What Is It?
Azure Striker Gunvolt is a 2D action sidescroller unlike any other. You play as Gunvolt, an assassin imbued with the power of lightning. Although you’re armed with a gun, the bullets alone do very little damage to enemies. The hook of this game is the tagging system. When you shoot an enemy, it gets tagged, then you can damage it by pouring lightning energy into it no matter where you are in relation to the tagged enemy.
On the surface, that’s all there is to it, but there are several other behind-the-scenes mechanics that work together brilliantly, making Azure Striker Gunvolt one of the most exciting, most addicting, most fun games on the Nintendo 3DS eShop.
Why Should I Care?
The structure of the game is often compared to the Mega Man series, though the similarities are only cosmetic. Obviously, the name itself is a reference to the Blue Bomber, which makes sense, since Inti Creates is also the developer of Mega Man 9 and 10, and Keiji Inafune was involved in the development of Gunvolt. Also like Mega Man, the first group of levels in Gunvolt can be selected in any order and are each based on a specific theme (forest, underwater, etc.). Each level ends with a boss whose personality is tied to the theme. However, Gunvolt does not acquire the attack of the bosses like Mega Man does. Gunvolt’s arsenal grows in a much different way and is far more integral to the gameplay than the weapons in a mainline Mega Man game.
All of the extra abilities, weapons, and gear are earned through several layers of skilled play. First, there is a basic leveling up system through experience gained by killing enemies, which earns you slightly more HP and the occasional new ability. Second, the higher your kudos (which I’ll explain later), the more loot you gain at the end of it, which you can then craft into equipment that mostly improves your basic abilities, such as double jumping, air dashing, shorter cooldown for the lightning attack, and much more.
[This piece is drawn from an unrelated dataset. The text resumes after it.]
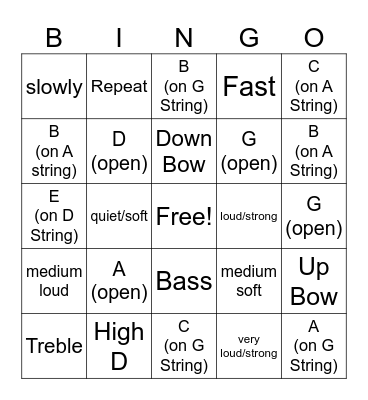 Note Name Bingo Card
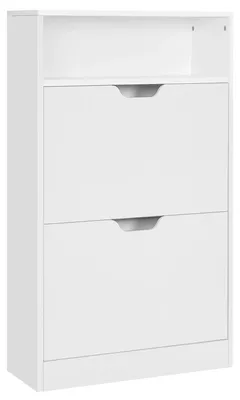 Produktbild von Schuhschrank - Schuhregal mit 2 Klappen - Offenes Fach - Verstellbare Trennwand - Weiß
Finally, you gain new handguns throughout the game that alter the way tagging works. The basic gun shoots straight and allows you to tag up to three enemies at once (or three tags on one enemy, which causes triple damage), while other guns might change the trajectory of the bullets while allowing you to tag more enemies. Customizing your weapon and equipment can drastically change the way the game plays, and, while you will settle on your favorite loadout, some challenges are better suited to other combinations, so cycling among them all is certainly encouraged.
The key ingredient to all of this is the combo system, which is represented by a number called kudos. Killing an enemy will earn you kudos, but simply killing all of the enemies individually will net you a very poor score. The best way to earn kudos is to tag as many enemies as possible and kill them simultaneously. The enemy and level layout is structured in such a way that you are rarely overwhelmed by enemies, with usually only three or four on screen at a time, if you’re lucky. The basic strategy, then, is to gather as many enemies on screen as possible, tag as many as your gun allows, then blast them with your lightning attack.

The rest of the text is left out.